Published 11/10/2017, 03:19 AM
Updated 06/07/2021, 10:55 AM

President Donald Trump and corporate America may not be satisfied with the revised Senate Republican tax plan. The dollar and global equities received a hit on news that Republican senators are likely to delay the introduction of corporate tax cuts until 2019. The reaction in markets wasn’t a surprise, given that investors have been pricing in a lot of good news and further pullback may continue for a couple of days or weeks, as many stocks look overbought at the moment.

The Senate wants to maintain the seven tax brackets, rather than the four proposed by the house. They also want to tax foreign profits held by offshore U.S. companies at a different rate.

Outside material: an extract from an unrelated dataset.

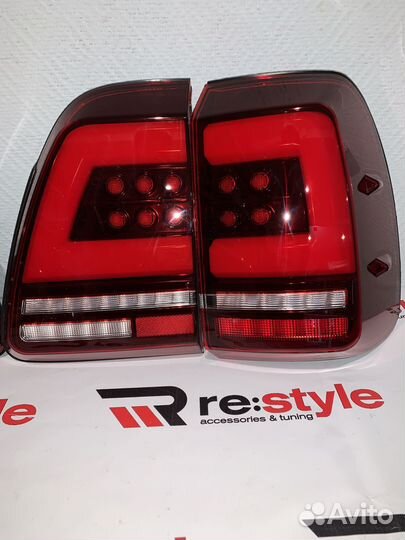 Стопы Toyota Land Cruiser 100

However, the timing of the corporate tax cuts will likely determine how markets move for the remainder of 2017.

The dollar traded in very tight ranges early Friday after falling on Thursday. While the delay in tax cuts isn’t good news for the U.S. currency, the rise in U.S. Treasury yields prevented the dollar from falling further. The U.S. economic calendar is light today with only November’s Michigan Consumer Sentiment Index due for release, so I don’t expect much action unless the Senate reveals a detailed tax reform plan.

Sterling is the only currency in play, with manufacturing and industrial production, trade balance, and NIESR GDP estimates, due for release later today. Brexit negotiations also resumed on Thursday, but according to officials there was no major breakthroughs. If talks in Brussels end in a similar way to previous negotiations, expect sterling gains to remain capped.

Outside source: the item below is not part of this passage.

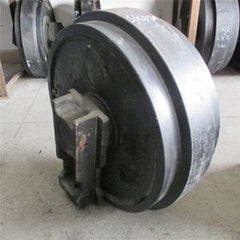 Heavy-Duty Excavator Idler LC52D00026F1 for Kobelco SK350-8 SK295-8 LC52D00026F1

Oil prices were also moving in narrow ranges after rallying sharply at the beginning of the week. High demand, falling inventories, and confidence that OPEC will extend production cuts, will likely keep the prices elevated in the short run, but the geopolitical risk premium due to tensions in the Middle East, has undoubtedly been responsible for a large portion of the recent surge in prices. I still believe that current fundamentals aren’t sufficient to keep Brent above $60-$62, however geopolitical tensions will continue to be the main driver in the days and weeks to come.